Prehistory and History of Arabidopsis Research

• Copyright © 2001 American Society of Plant Physiologists

The earliest non-taxonomic appearance of Arabidopsis in the literature of botany appears to be a paper by Alexander Braun in 1873, describing a mutant plant found in a field near Berlin (7). The mutation was almost certainly in theAGAMOUS gene, now well known as one of the floral ABC regulators and cloned in 1990 (54). The next notable appearance of Arabidopsis in the experimental literature was in 1907, when Friedrich Laibach (1885–1967), a student in Strasburger's laboratory in Bonn, published an account of the chromosome number of several plants. He was attempting to find a plant with a small number of large chromosomes to be used in experiments to determine the individuality of chromosomes (23). Arabidopsis was not such a plant: the chromosomes are very small. The next relevant appearance of Arabidopsis was in a 1935 paper that resulted from a Russian expedition to find a plant that could be used in genetics and cytogenetics, as Drosophila was then used (15, 51). Although the small chromosome number (incorrectly stated by Titova to be a haploid no. of three; Laibach had correctly counted five in 1907) and rapid time to flowering were considered useful features, the small size of the plant and its parts were considered a disadvantage, as was the inability to distinguish different chromosome pairs. It does not appear that Arabidopsis was ever used in the laboratory by Titova and her colleagues.

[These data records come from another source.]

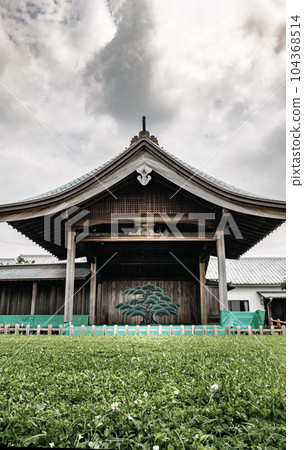 A Noh stage is a stage dedicated to performing Noh, a traditional Japanese performing art. A Noh stage is a stage dedicated to performing Noh, a traditional Japanese performing art. 104368514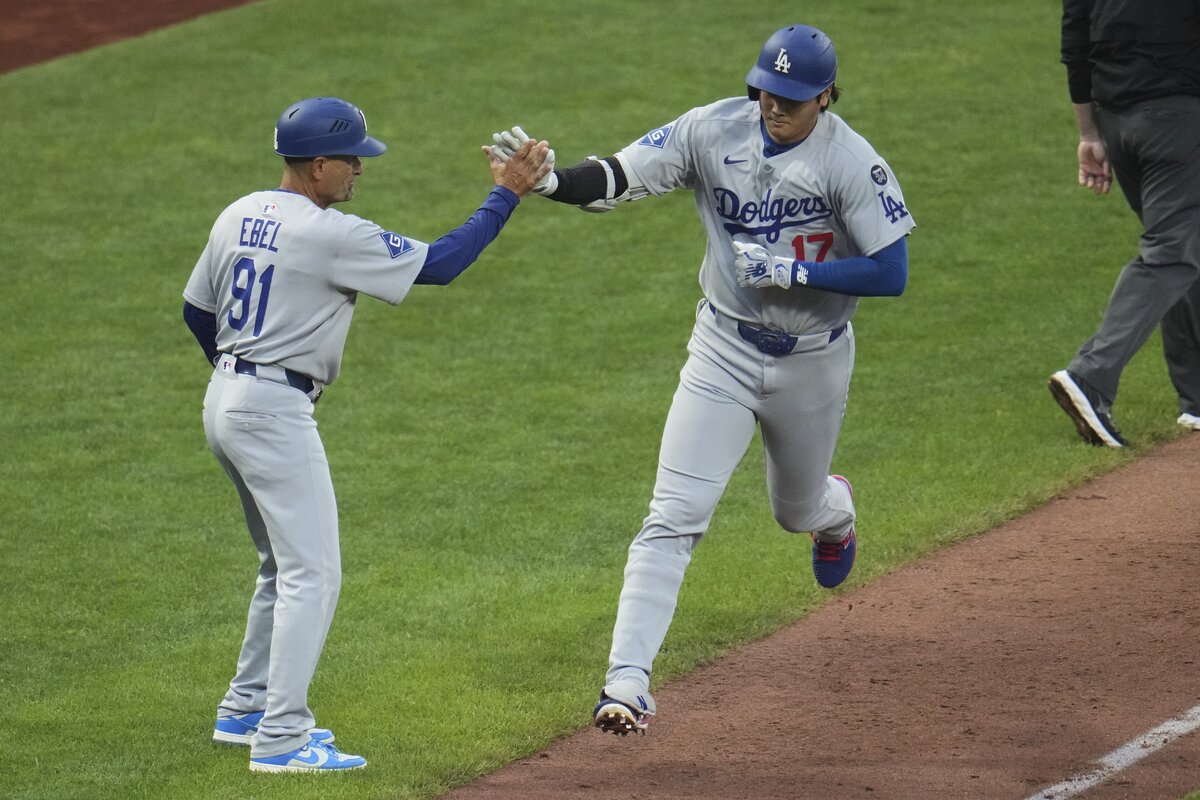 ‘슈퍼스타’ 오타니, 다저스 이적 후 100호포 쾅!… 김혜성은 대주자 득점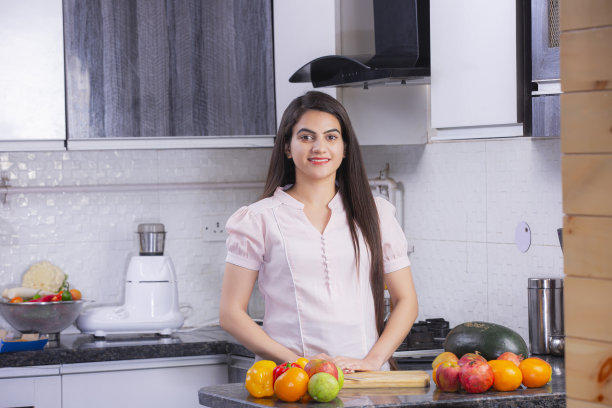女制作水果沙拉库存照片图片下载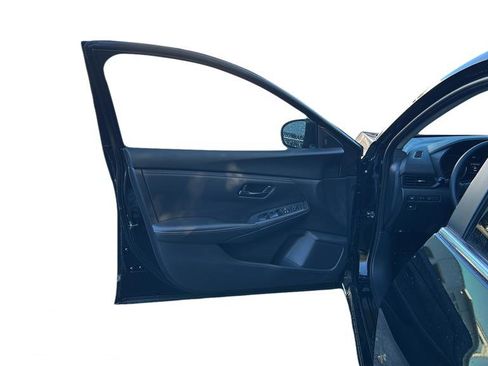 Used 2025 Nissan Sentra S image 18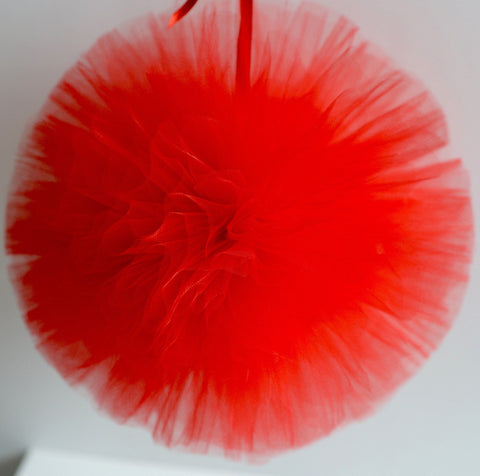 Red tulle pom pom - Decopompoms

Arabidopsis crops up again as a subject for laboratory investigation in 1943 when Laibach described the early results of studies in which he showed the short generation time, fecundity, ease of crosses, and the possibility of mutagenesis, and on this basis proposed adoption of Arabidopsis as a genetic model organism (24). The detailed results of the Laibach laboratory's studies on x-ray mutagenesis, which led to the first collection of Arabidopsis mutants, were published as a Ph.D. thesis by Laibach's student Erna Reinholz. The full publication of her 1945 thesis was, in fact, by the U.S. military: it seems that the thesis, with the word “Röntgen-Mutationen” in the title, came to the attention of those looking for a German atomic bomb program. It was published in 1947 as an unclassified captured document of the Joint Intelligence Objectives Agency (46).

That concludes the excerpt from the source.